_Exercise description_. A single stretch of the material below is to be transcribed exactly, starting at the line with "Casa com 140m²" and ending after the line with "Apartament 2 Camere".

_Supplied data_.
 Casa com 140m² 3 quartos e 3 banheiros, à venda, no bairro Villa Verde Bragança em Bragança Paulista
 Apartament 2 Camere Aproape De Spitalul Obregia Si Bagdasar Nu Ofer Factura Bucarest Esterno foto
---
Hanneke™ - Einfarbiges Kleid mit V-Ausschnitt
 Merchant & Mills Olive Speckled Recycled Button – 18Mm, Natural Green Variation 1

_Response_.
 Casa com 140m² 3 quartos e 3 banheiros, à venda, no bairro Villa Verde Bragança em Bragança Paulista
 Apartament 2 Camere Aproape De Spitalul Obregia Si Bagdasar Nu Ofer Factura Bucarest Esterno foto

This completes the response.